Men are largely affected by HIV as a result of the use of low low care (Pleuhs et al., 2020).
Increased awareness about HIV/AIDS virus is important to back down from the years of shame surrounding this condition and increase the use of prevention medicine.
In short, a large part of the use of health care and preventive services is due to social barriers.
These social barriers exacerbate all other cross barriers in the American health care system, African -American men, and men are part of the LGBTQ+community. It is generally noted that the protection service between men in non -infectious diseases or transmitted diseases such as cancer and HIV, but also has a lower effect on infectious diseases. This was embodied in the Koronverus 2020 virus in the pace of the Coronverus 2020 virus when, “… more men are more than women who died from Covid-19 in 41 of 47 countries (GRIFFITH ET Al., 2020). The reasons for the difference in the death rate of the disease are insecure and are parallel to other barriers in preventive care in men. These barriers must be addressed by professionals in the field of public and medical health, and creativity about systemic biases are necessary to make a change. Focus on men who have crossed obstacles to care that must be determined in the development of research and intervention.
The treatment of non -use of stretching prevention in stakeholders, such as men’s health network, can really work to change the use of medical service among men.
I think these issues have been invaded under the metaphorical carpet of the population at risk and that men have left behind them as a result.
sources:
Baker, P. (2021, May 5). Men and initial care: removal of barriers.
Griffith, DM, Sharma, G., Holleday, CS, Enyia, OK, Valliere, M., SEMLOW, AR, Stewart, EC, & Blumenthal, RS (2020). Men and Covid-19: The approach of social psychology to understand sexual differences in deaths and recommendations for political interventions.
Pleuhs, B., Quinn, KG, Walsh, JL, Patroll, AE, & John, SA (2020). Health care providers in front of the prevention of HIV before exposure in the United States: a systematic review. Care of patients and sexually transmitted diseasesand 34(3), 111-123.
Powell, W., Richmond, J., Mohottige, D., Yen, I., Joslyn, A., & Corbie-Smith, G. (2019). Medical lack of confidence, racism and delay in the preventive health examination between American men of African descent. Behavioral medicineand 45(2), 102-117.
ZHU, A., & Wittmann, D. (2022). Burns in front of sexual recovery in men with prostate cancer, bladder, colon and rectal cancer. Urology oncology: academic episodes and original investigationsand 40(9), 395-402.

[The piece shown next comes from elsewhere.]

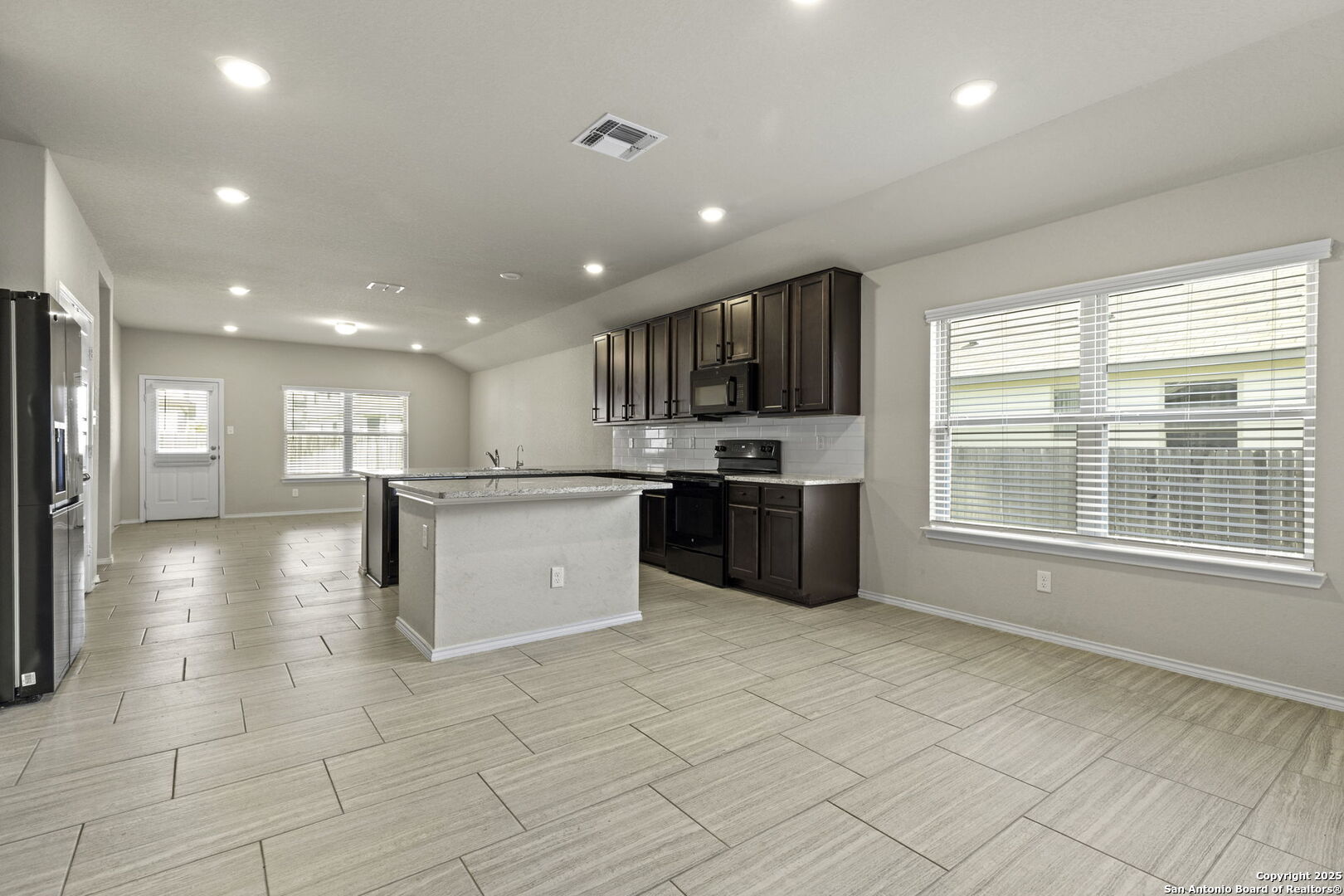 161 Sambar Main Schertz TX 78108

ANSley Chatrand is currently the elderly studying public health sciences at Maryland University. She plans to follow up on her university education by studying epidemics in a master’s program in the field of public health. It also works in the Public Health Laboratory of the University of Maryland and has experience with bioaerosol boviolet Movice assembly. In her spare time, she enjoys reading, uploading and playing basketball.